- **Your assignment**:
Start to finish, return the listing below exactly, pictures excluded.

- **Dataset excerpt**:
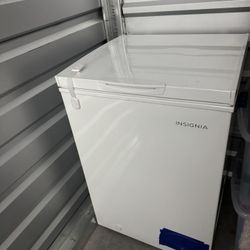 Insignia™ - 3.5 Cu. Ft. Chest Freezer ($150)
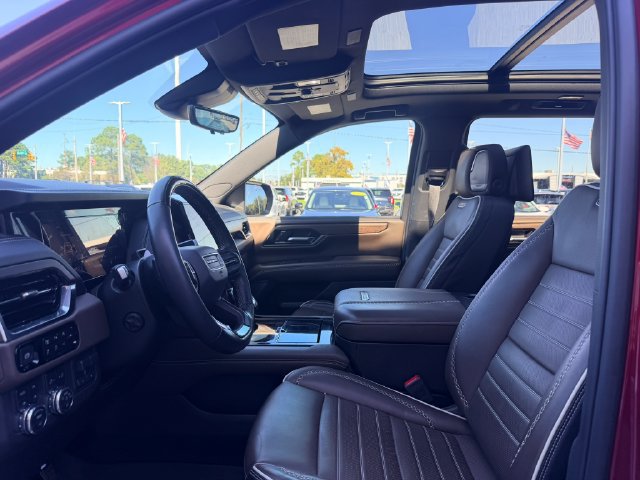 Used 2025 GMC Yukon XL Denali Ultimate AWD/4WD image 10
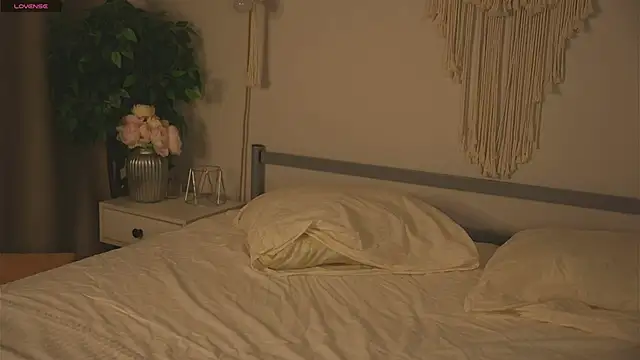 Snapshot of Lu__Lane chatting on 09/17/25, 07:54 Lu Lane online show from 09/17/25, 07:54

- **Reply to the exercise**:
 Insignia™ - 3.5 Cu. Ft. Chest Freezer ($150)
 Used 2025 GMC Yukon XL Denali Ultimate AWD/4WD image 10
 Snapshot of Lu__Lane chatting on 09/17/25, 07:54 Lu Lane online show from 09/17/25, 07:54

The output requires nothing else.